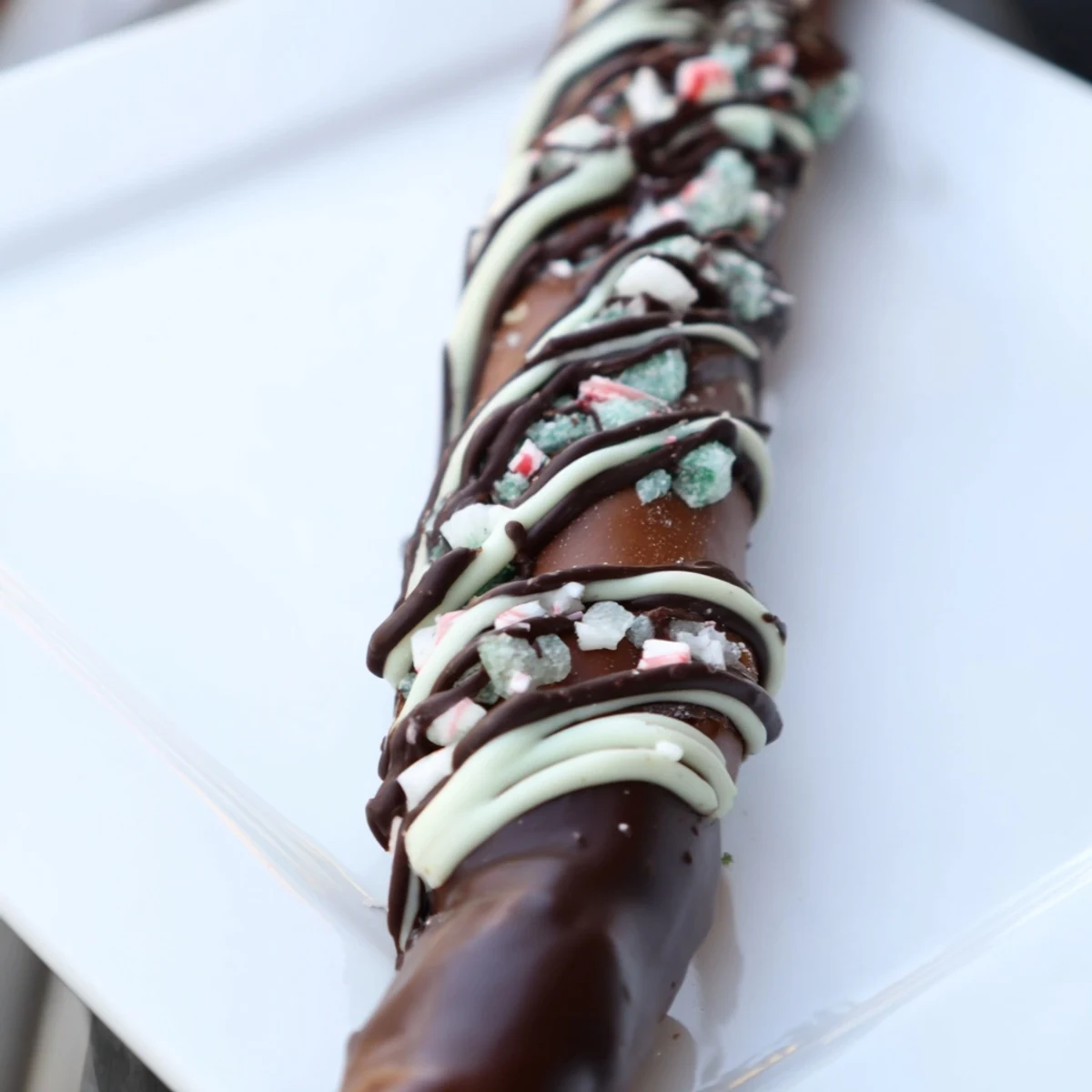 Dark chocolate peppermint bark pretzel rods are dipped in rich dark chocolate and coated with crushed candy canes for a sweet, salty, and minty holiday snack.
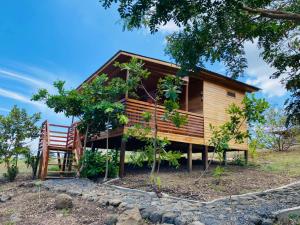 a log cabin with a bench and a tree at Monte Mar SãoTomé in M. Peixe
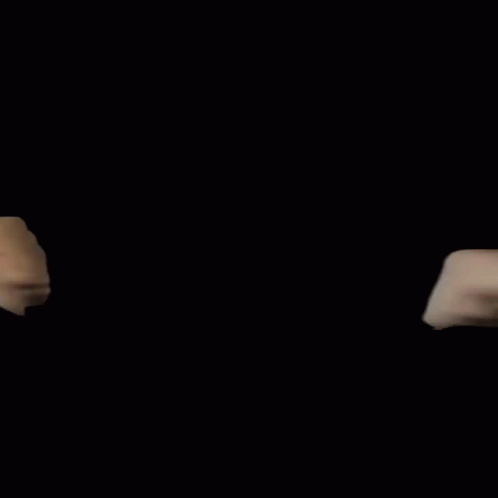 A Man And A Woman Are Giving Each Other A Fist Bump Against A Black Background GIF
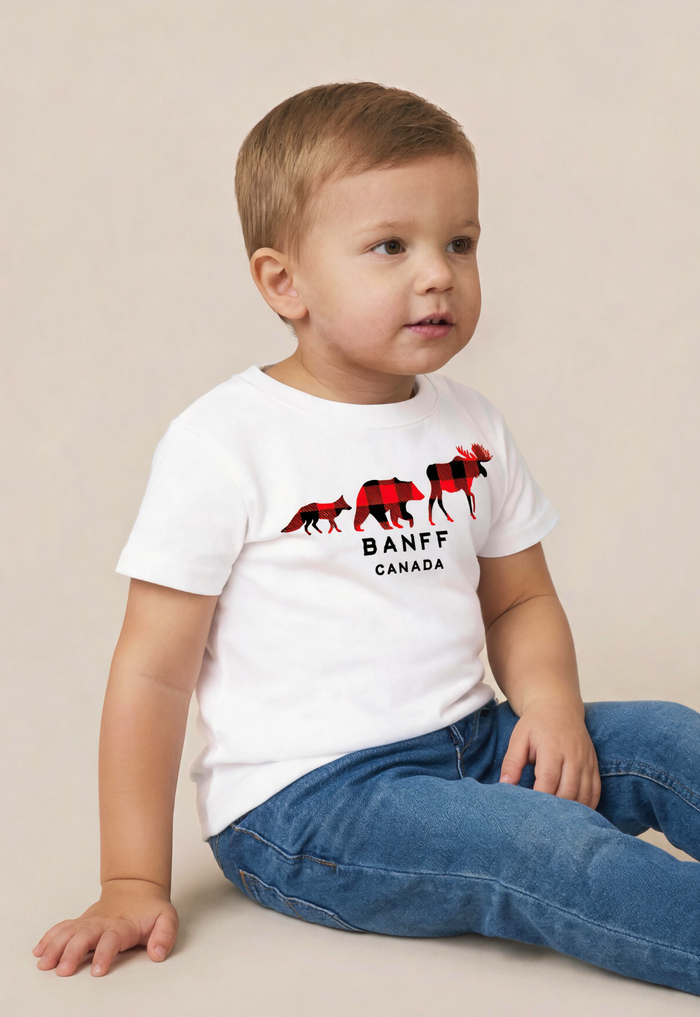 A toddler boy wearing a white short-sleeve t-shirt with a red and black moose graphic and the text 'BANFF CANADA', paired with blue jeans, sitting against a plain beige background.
* * *
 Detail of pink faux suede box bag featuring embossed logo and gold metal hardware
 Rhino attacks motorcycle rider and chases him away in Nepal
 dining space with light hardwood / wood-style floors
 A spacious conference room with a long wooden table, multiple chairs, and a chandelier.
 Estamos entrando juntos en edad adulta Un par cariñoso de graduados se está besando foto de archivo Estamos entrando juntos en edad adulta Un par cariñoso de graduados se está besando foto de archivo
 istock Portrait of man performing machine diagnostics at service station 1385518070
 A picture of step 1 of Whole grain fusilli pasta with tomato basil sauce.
* * *
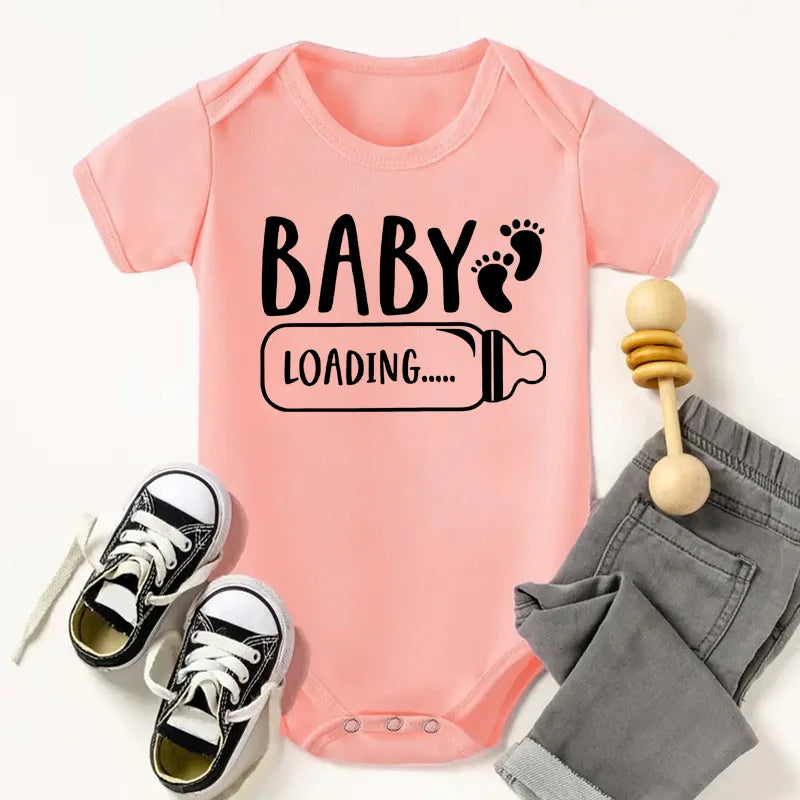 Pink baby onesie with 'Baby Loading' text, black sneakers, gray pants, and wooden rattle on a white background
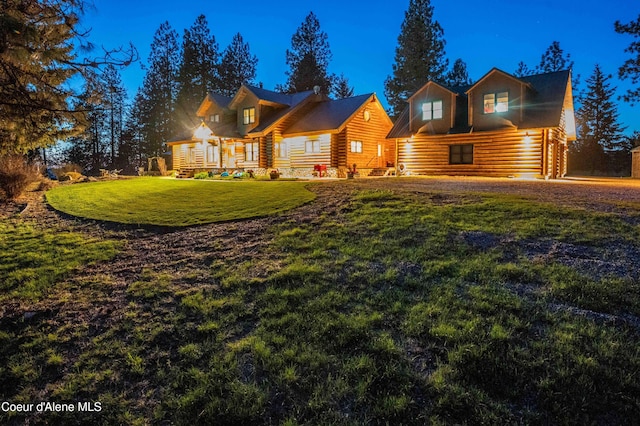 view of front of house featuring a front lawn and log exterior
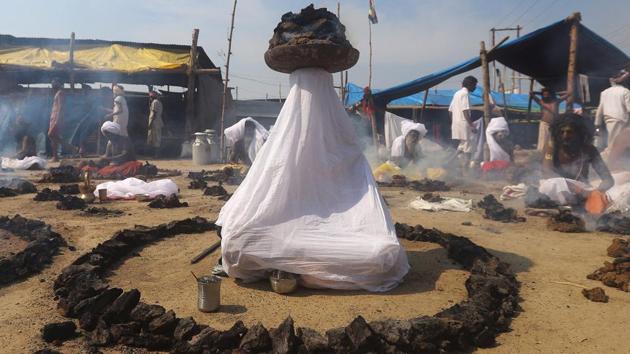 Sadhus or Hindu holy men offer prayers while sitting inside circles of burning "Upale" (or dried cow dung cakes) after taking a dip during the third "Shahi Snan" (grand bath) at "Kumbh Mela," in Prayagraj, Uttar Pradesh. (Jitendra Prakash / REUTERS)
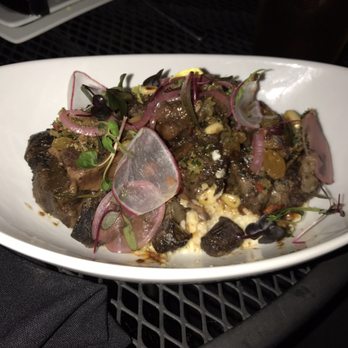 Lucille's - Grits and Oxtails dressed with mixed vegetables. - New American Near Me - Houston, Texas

## TASK STATEMENT
Everything above from the line containing "A spacious conference" down to the line containing "de archivo Estamos" should be copied exactly, both end lines included, and nothing else.

## THE COMPLETED TASK
 A spacious conference room with a long wooden table, multiple chairs, and a chandelier.
 Estamos entrando juntos en edad adulta Un par cariñoso de graduados se está besando foto de archivo Estamos entrando juntos en edad adulta Un par cariñoso de graduados se está besando foto de archivo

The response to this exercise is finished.